Starting point is 00:07:06 You all said this. But I'm also curious, you know, for our live stream audience, you know, are you worried about AI deepfakes? Let me know. Or also, if you're listening on the podcast, I always love reading emails. I keep, you know, our email in there, my LinkedIn. So connect with me. But I want to know from you, are you kind of, are you not very worried? Are you more excited? Are you kind of worried, kind of excited? Are you more worried than excited? Or are you just pretty worried, right? So I'm curious where our live stream audience stands on this, right? If I had to, if I had to choose, I would say I'm probably see. I'm probably more worried than excited overall. Don't worry. We're going to break this down, but I'm really curious where our live stream audience. It seems like a lot of people are kind of worried, but kind of excited.
Starting point is 00:07:58 you know, which is interesting. And hey, Douglas, I love this. Douglas is currently in the air. Douglas, you might be the, I guess, the first person joining everyday AI from tens of thousands of feet in the air. So thanks for that. So, you know what Michael said here, and we're going to get into this, he said, it's already difficult to tell what is real and what's not, even with this knowledge of
Starting point is 00:08:22 the tools.

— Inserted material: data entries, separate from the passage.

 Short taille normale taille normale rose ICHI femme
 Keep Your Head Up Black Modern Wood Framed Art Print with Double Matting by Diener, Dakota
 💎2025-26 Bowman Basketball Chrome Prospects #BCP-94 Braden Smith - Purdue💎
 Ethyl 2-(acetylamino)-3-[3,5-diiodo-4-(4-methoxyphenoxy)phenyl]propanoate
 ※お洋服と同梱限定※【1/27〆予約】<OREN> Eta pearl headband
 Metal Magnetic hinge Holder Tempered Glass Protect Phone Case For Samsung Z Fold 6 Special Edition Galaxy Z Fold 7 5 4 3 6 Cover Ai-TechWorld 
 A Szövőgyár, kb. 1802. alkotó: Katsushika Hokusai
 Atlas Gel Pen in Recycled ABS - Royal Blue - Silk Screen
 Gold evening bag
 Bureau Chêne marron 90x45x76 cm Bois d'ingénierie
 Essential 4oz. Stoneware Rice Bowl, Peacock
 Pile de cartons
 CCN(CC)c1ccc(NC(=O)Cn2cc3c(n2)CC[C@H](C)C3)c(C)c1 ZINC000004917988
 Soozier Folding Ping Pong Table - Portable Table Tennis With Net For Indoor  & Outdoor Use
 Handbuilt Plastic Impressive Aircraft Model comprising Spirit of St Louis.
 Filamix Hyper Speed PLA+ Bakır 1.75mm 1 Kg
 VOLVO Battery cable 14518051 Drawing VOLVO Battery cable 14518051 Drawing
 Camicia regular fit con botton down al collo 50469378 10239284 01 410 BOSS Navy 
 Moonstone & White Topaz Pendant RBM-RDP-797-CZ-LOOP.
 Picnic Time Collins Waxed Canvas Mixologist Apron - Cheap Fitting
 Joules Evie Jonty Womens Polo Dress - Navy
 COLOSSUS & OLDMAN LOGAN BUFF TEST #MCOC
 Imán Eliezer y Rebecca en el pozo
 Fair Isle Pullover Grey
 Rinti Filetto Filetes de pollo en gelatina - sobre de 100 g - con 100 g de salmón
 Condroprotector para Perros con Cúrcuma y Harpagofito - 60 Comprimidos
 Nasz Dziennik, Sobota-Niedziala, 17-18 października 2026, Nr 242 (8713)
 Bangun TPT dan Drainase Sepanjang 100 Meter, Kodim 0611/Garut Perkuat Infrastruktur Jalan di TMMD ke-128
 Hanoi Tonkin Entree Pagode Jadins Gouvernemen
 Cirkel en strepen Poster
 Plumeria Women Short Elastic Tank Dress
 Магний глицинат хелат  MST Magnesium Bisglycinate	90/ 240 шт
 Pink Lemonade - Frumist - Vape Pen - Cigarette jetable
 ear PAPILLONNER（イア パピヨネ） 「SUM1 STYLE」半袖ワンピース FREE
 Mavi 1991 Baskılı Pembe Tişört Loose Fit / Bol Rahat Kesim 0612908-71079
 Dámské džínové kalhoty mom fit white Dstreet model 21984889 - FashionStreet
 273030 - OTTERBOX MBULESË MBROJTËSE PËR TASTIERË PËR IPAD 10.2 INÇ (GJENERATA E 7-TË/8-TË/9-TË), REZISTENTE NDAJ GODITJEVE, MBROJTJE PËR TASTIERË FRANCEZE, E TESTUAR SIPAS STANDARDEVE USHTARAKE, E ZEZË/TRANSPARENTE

Absolutely. Michael, I think that's a great point. And that's something that we're going to be talking about here on today's show. So let's just go into it. Let me just tell you exactly what this new VASA model is. And again, if someone, some of my friends from Microsoft, tell me, is it VASA or VASA, right? That's the only thing with all these models that get released.
Starting point is 00:08:43 Everyone's, you know, pronouncing them differently until, you know, someone from Microsoft goes on an interview and tells us all. But we'll just call it VASA for now. So here is what VASA is. And then we're going to give you all a live look and a live listen for. for our podcast audience as well. So essentially, it is a deep fake technology, right? Whether you want to call it that or not, this is Hot Take Tuesday, I'm saying it like it is.
Starting point is 00:09:11 This is a deep fake technology. There's a big difference between a digital twin or a digital clone or a, you know, AI avatar versus deep fake technology, right? So essentially what this boils down to is this new VASA 1 research paper from Microsoft. Again, it's not public, it's not out, right? But you can go look at the results, but it allows you to take any image and a voice and create a talking head, more or less, right? There's obviously great applications, which we're going to be talking about. But I'd say right now that danger of this far outweighs the potential benefits, right?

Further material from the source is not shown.